TASK TO CARRY OUT » Nothing but the pictures should be dropped when the records are transcribed word for word.

RECORDS TO PROCESS »
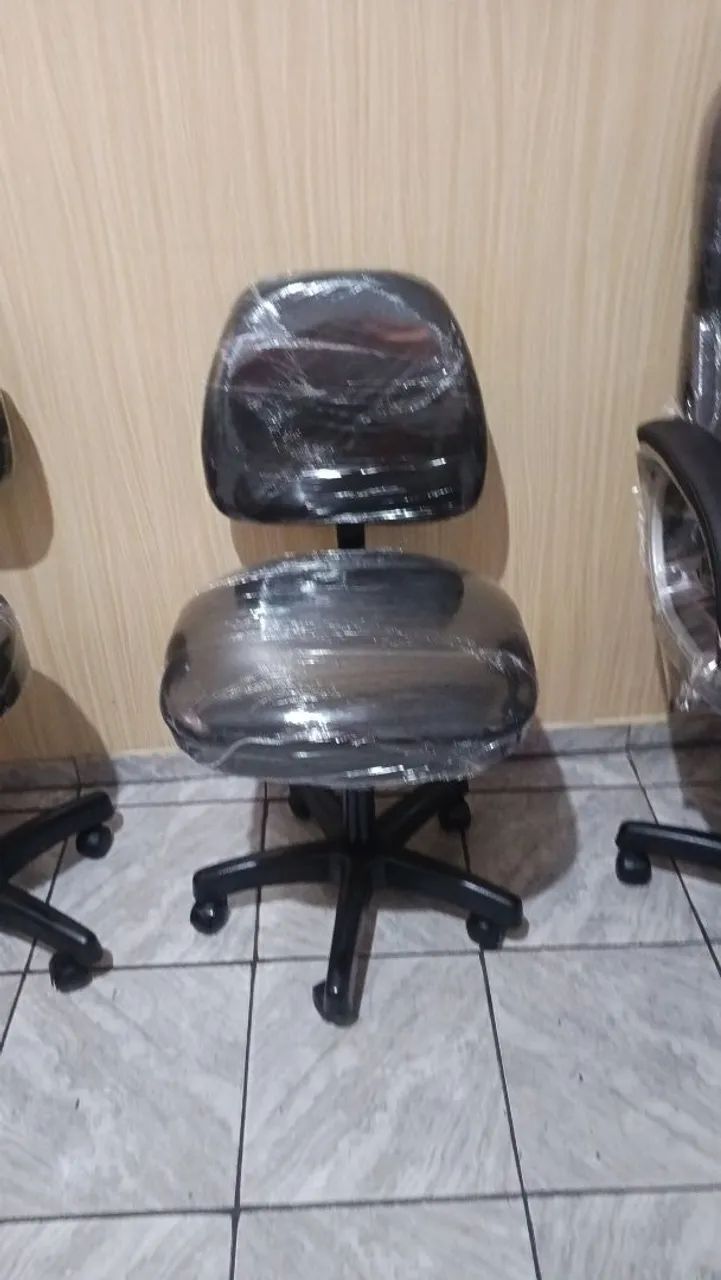 Vendo cadeiras de escritório  - Foto 2
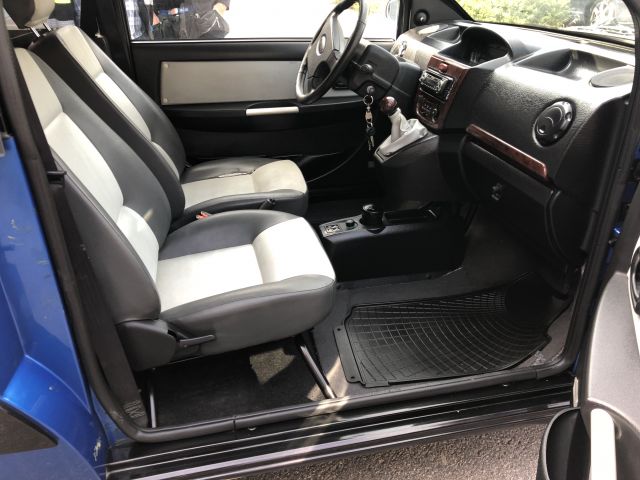 834336-20 Microcar MC2 -09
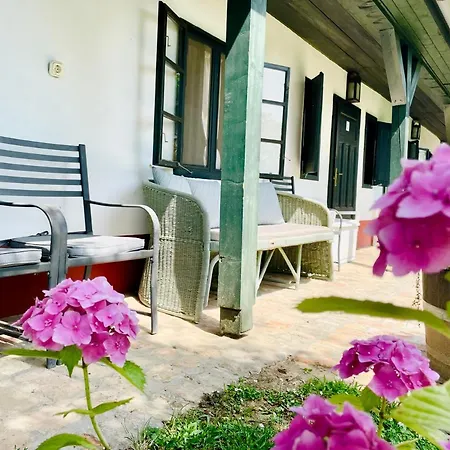דירה Lelle Vineyard Cottages *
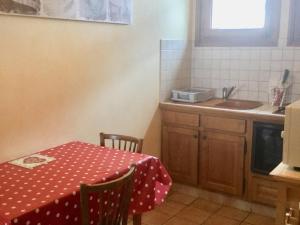una piccola cucina con tavolo e lavandino di Appartement Les Gets, 1 pièce, 3 personnes - FR-1-671-129 a Les Gets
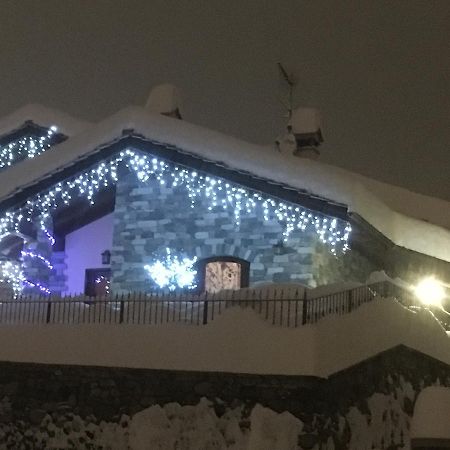 Appartamento Fleur Des Neiges Aosta Bagian luar foto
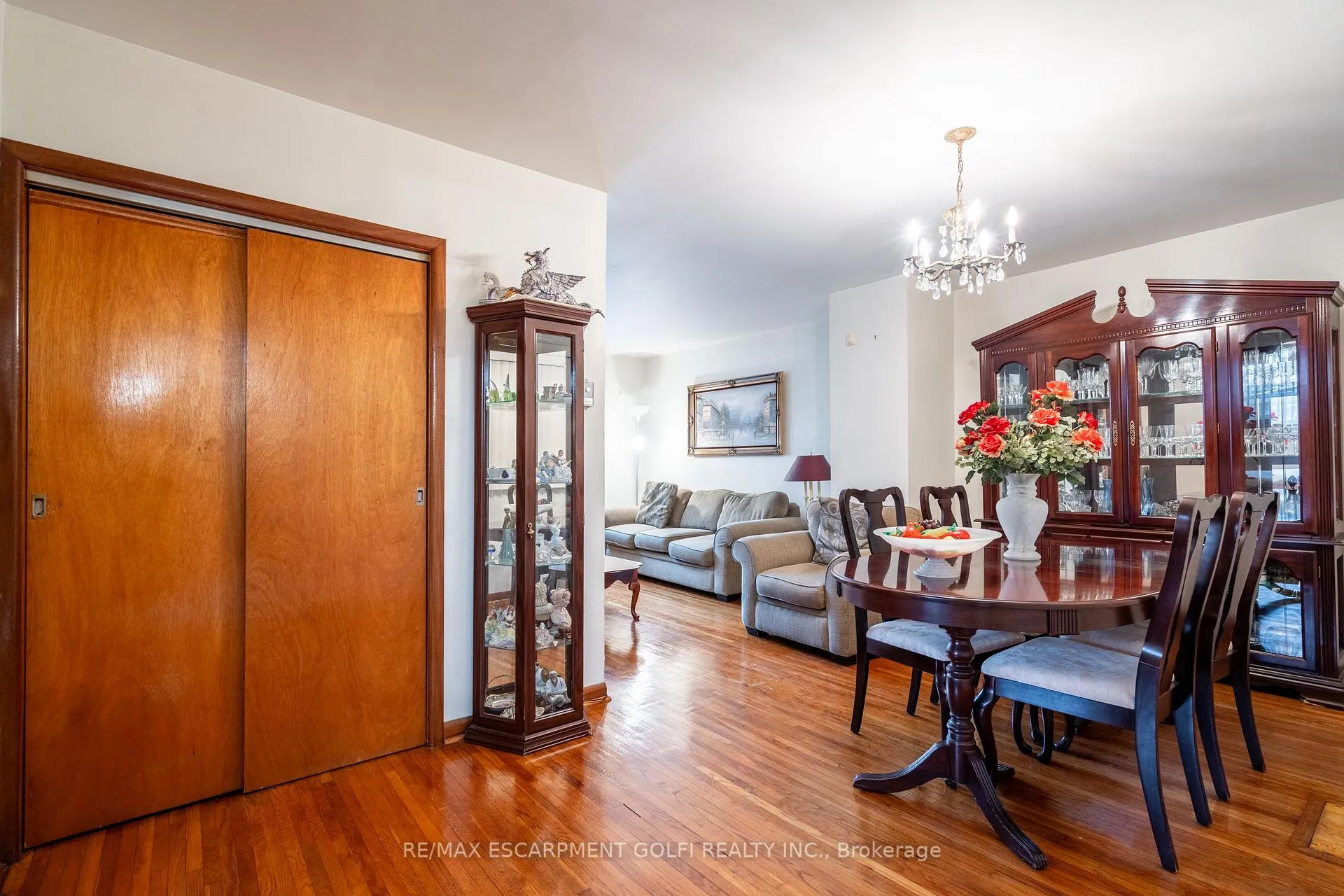 Photo 10 of 261 Jackson Street W, Hamilton, Kirkendall — HOMEH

ANSWER AREA »
 Vendo cadeiras de escritório  - Foto 2
 834336-20 Microcar MC2 -09
דירה Lelle Vineyard Cottages *
una piccola cucina con tavolo e lavandino di Appartement Les Gets, 1 pièce, 3 personnes - FR-1-671-129 a Les Gets
 Appartamento Fleur Des Neiges Aosta Bagian luar foto
 Photo 10 of 261 Jackson Street W, Hamilton, Kirkendall — HOMEH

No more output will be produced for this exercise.